## Data segment
-------------------------

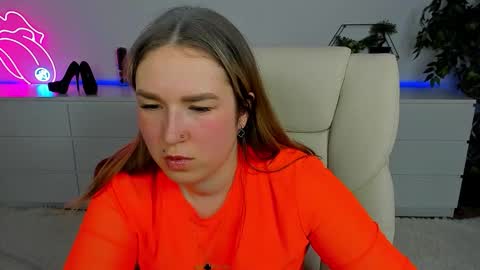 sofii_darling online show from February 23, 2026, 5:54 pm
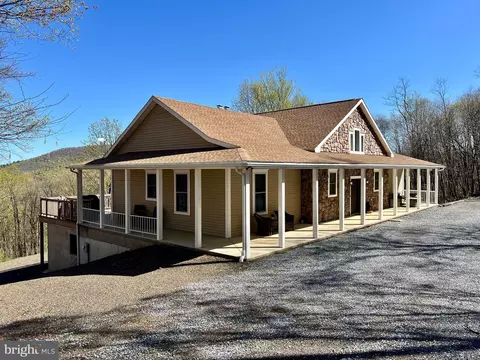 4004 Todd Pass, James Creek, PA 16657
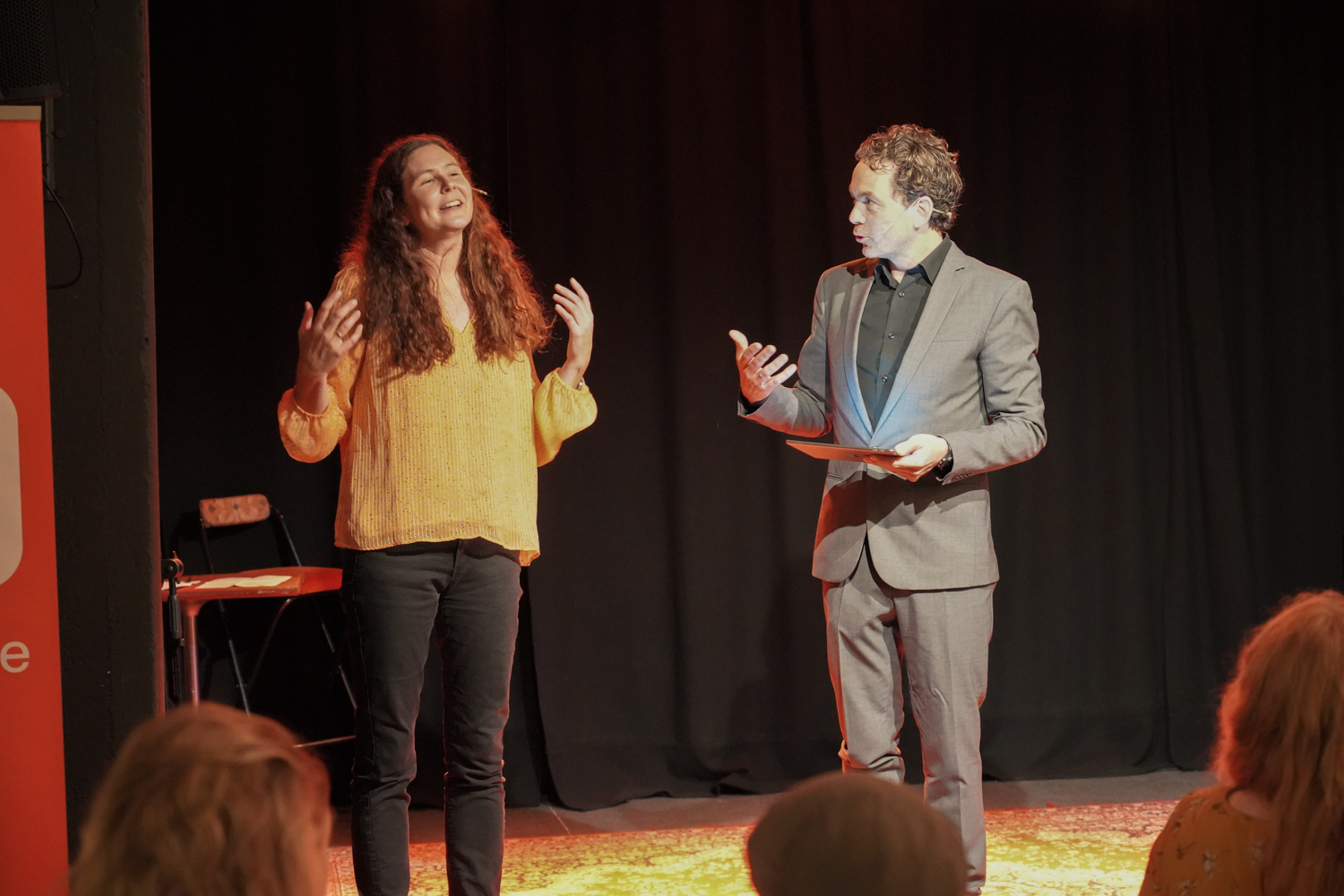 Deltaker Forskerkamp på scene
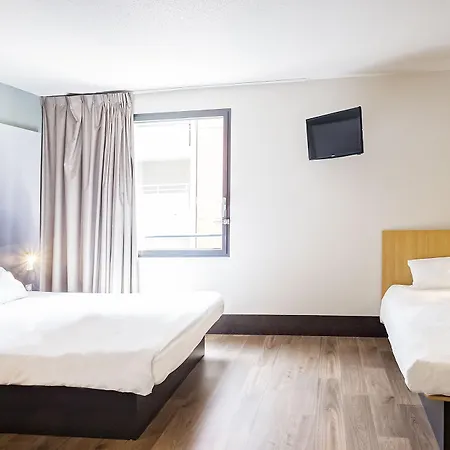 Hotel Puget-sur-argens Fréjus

-------------------------

## About this task
Now write out the data word for word, skipping every picture in it.

## Solution for this task
 sofii_darling online show from February 23, 2026, 5:54 pm
 4004 Todd Pass, James Creek, PA 16657
 Deltaker Forskerkamp på scene
 Hotel Puget-sur-argens Fréjus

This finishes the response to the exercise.